I ask, perspiring slightly, if we can leave her “rack” out of this.
“Are you crazy?” she asks, taking mock umbrage. “Why?”
I ignore the question, but am suffering slightly and can’t think of a quick enough quip.
She tells me, filling in the silence, that I am cute, and that I am adorable. In the same way that you might address a cocker spaniel that has just soiled its own basket. I tell her, unsure of where to look, that she is simply flattering the journalist. “No!” she says. “You can eavesdrop on my other interviews! They haven’t gone like this.” She then leans forward on the couch, fixes her most potent World’s Sexiest Woman stare yet, and says slowly and deliberately: “I get your whole thing. And I think you’re cute.”

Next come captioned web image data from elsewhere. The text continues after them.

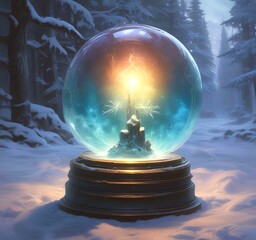 Poster - Illustration of glowing magic ball.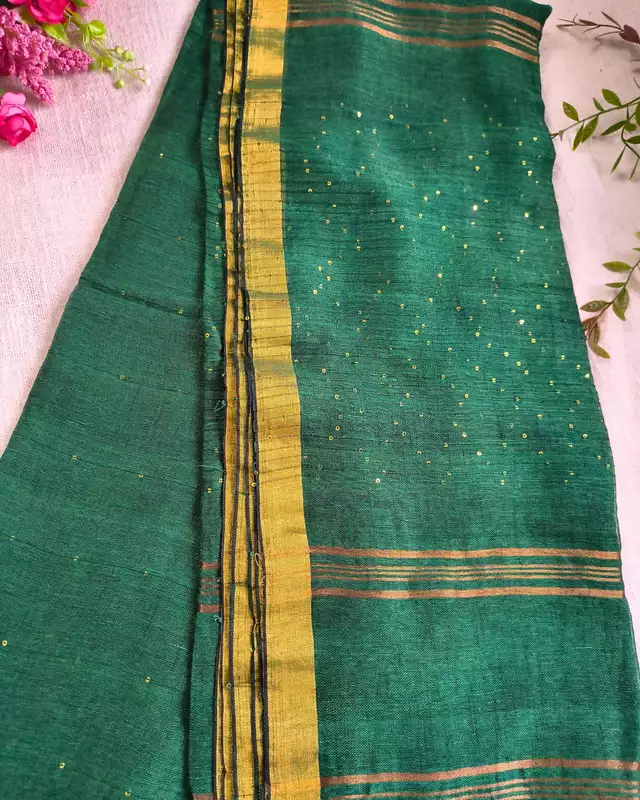 120s Linen by Linen Saree with Hand Woven Sequins - Bottle Green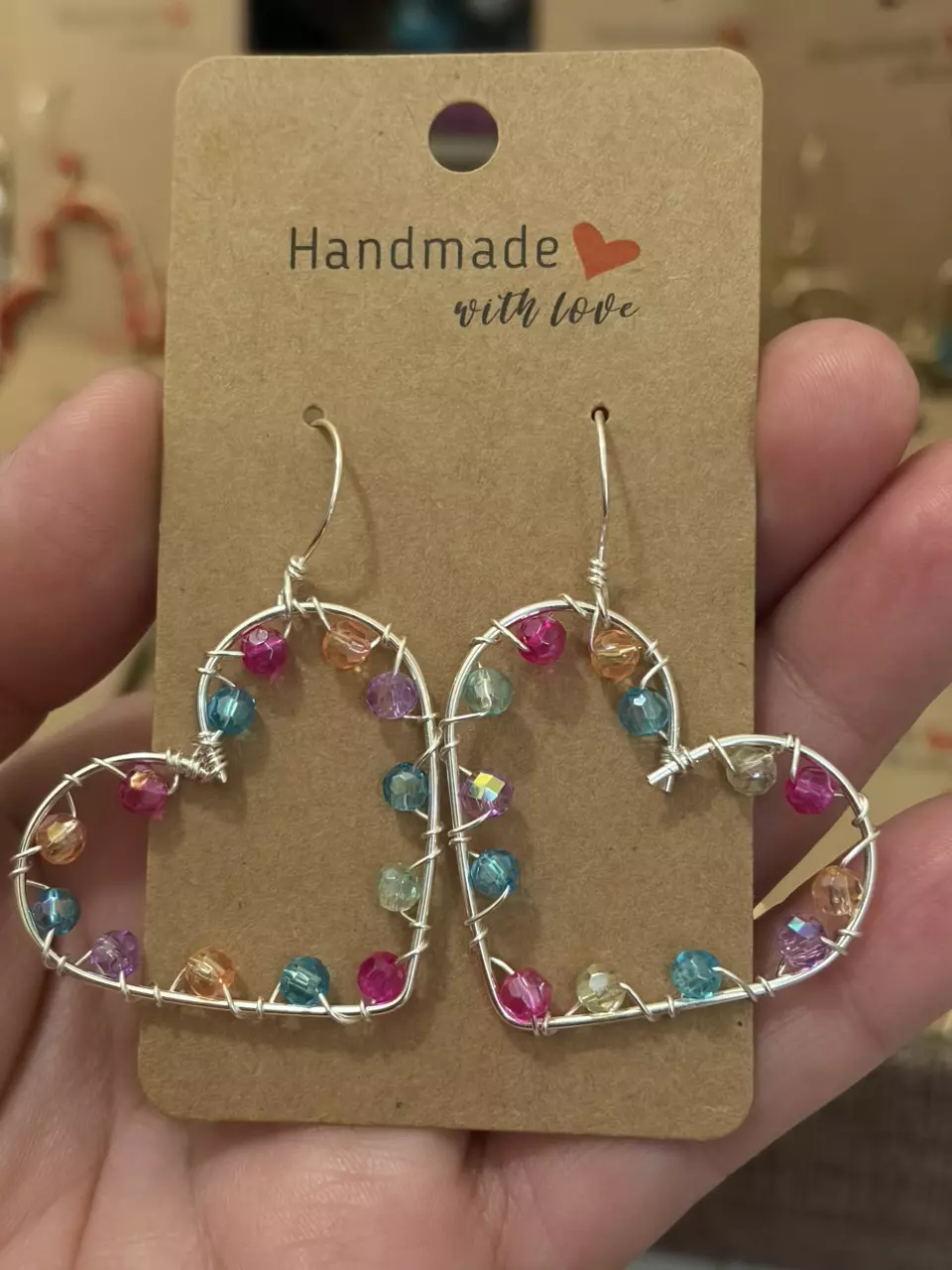 Colorful crystals wire wrapped hearts thumbnail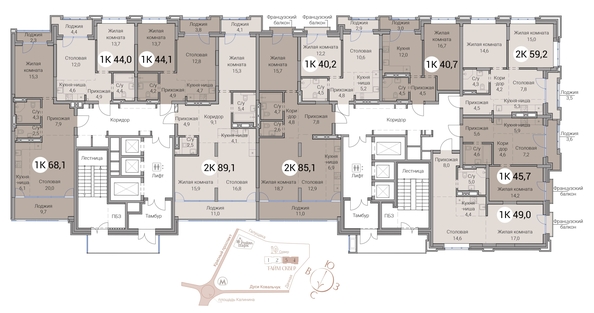 
  Продается 2-комн. квартира 68.1 м², в ЖК Тайм Сквер. Фото 19.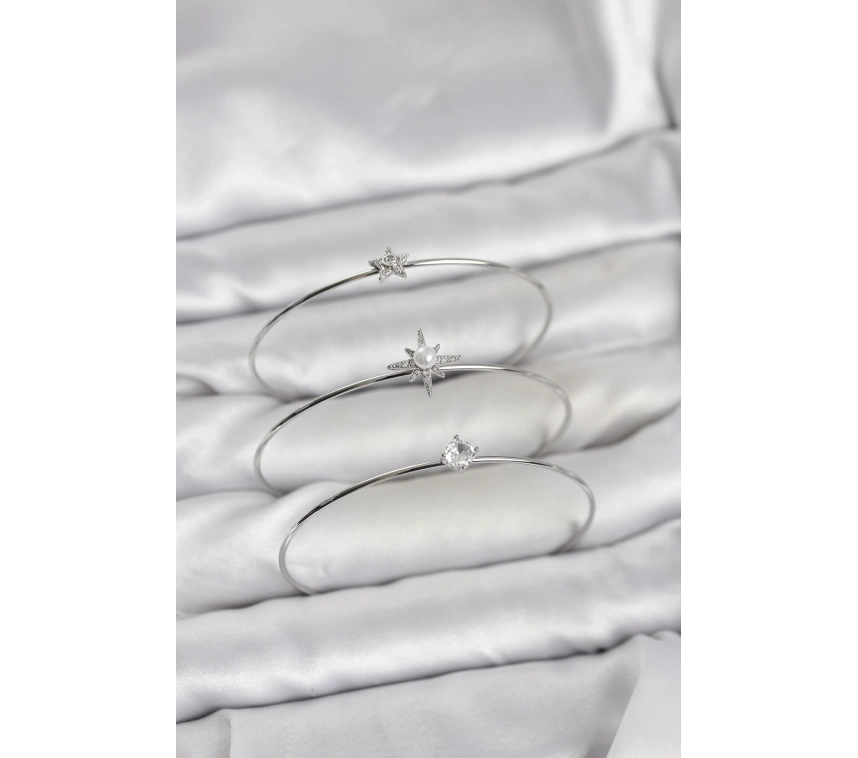 Gümüş Renk Kutup Yıldızı Model Zirkon Taşlı 3lü Kadın Bileklik Kombini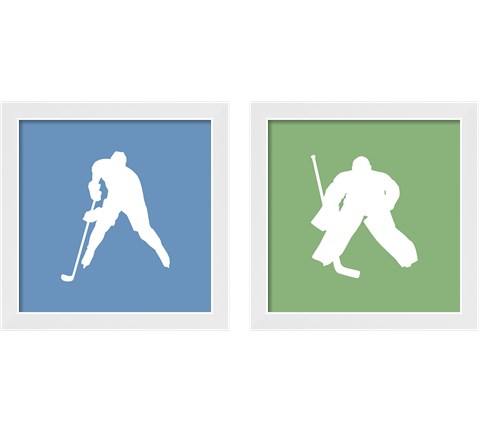 Hockey Player Silhouette 2 Piece Framed Art Print Set by Sports Mania
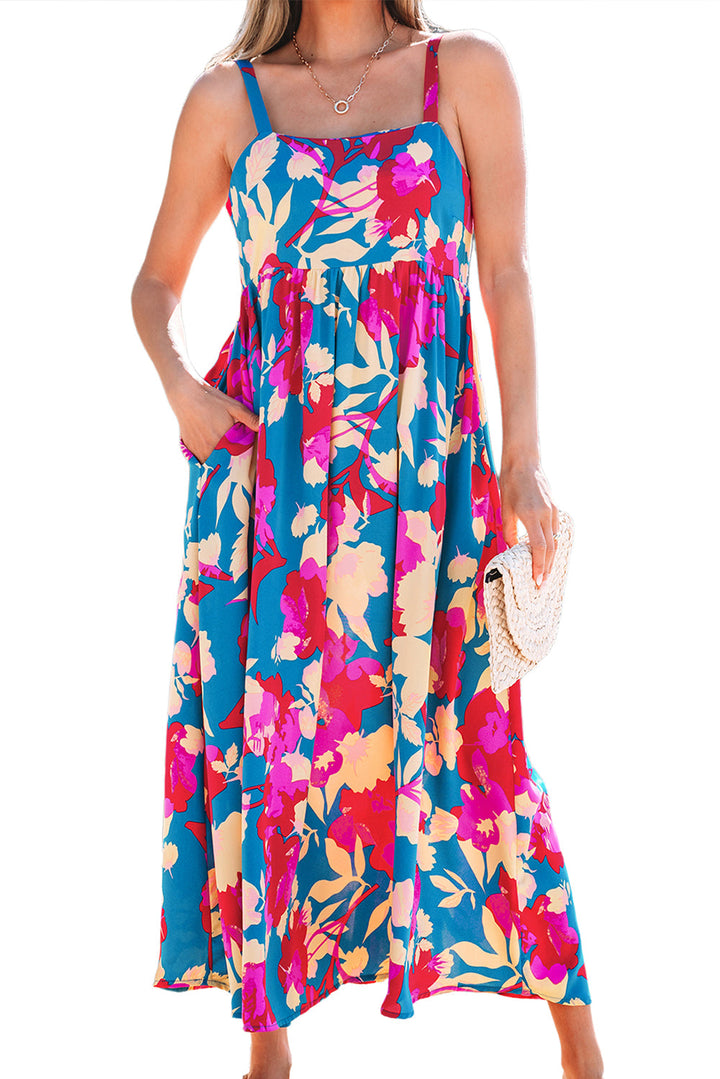 Floral High Waist Sleeveless Flared Long Dress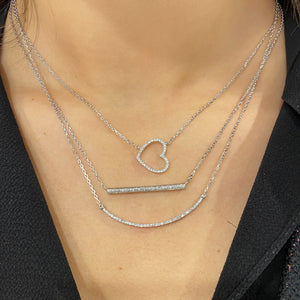 STERLING SILVER DIAMOND CRESCENT NECKLACE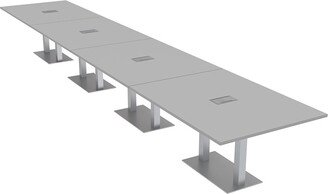 Skutchi Designs, Inc. 22 Person Rectangular Modular Boardroom Table Metal Bases Power Units
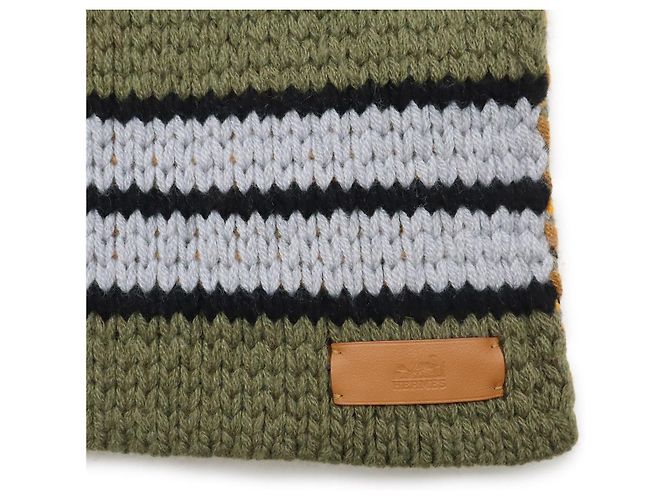 Hermès Hermes Grande Tenue Kaschmir-Schal Schwarz Mehrfarben - Ansicht 5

It’s official. I am putty. The rest of the interview is a disaster. Mendes has complete control. She asks most of the questions. She wants to know where I live, if I’m hung-over, and if I like pregnant women. At one point she asks me to turn off the tape recorder so we can discuss a sexual practice that’s too indecent for the ears of the mass media. I try to sound suave and tell her that I’d heard of it before, possibly even done it, but she’s not buying it.
Occasionally I muster up the strength, from deep within my putty puddle, to wrestle back ineffectual control of the interview. During these brief moments I counter, slightly embarrassed, and imply that a lot of her early roles were vacuous, and that some of her anecdotes are boring. She deflects this with effortless aplomb and tells me about the time, after Training Day, when she carried a knife in her purse because of the amount of unwanted male attention she was receiving. Or the time when she came to collect her Mom in a limousine for the premiere of 2 Fast 2 Furiousand her mother burst out crying. She describes her life now, living next to the Hollywood sign, going for hikes in the hills and listening to the best of Oasis, Morrissey and the Smiths on her iPod.
She says, finally, that I will be impressed by her next movie, We Own The Night — a New York mobster flick co-starring Joaquin Phoenix and Mark Wahlberg. “You are going to love this film,” she says. “And you will be so much more respectful to me the next time you see me.”
I groan. “You hate this job, don’t you?” she asks.
I tell her that I don’t. “But it’s a bit tedious for you, isn’t it?”
Again, slightly bamboozled and at a loss for words, I say no, and that I get to meet lots of different people.
“No,” she says. “You get to give people s***, which is what you like.”
I tell her, genuinely upset now, that I think she’s being unfair.
“Well,” she says, thinking about it. “I think you’re adorable, and fun. And if it was anyone else I’d have ended this interview a long time ago.”
And then she leaves. Another triumph for Mendes. Another humiliating defeat for the male of the species.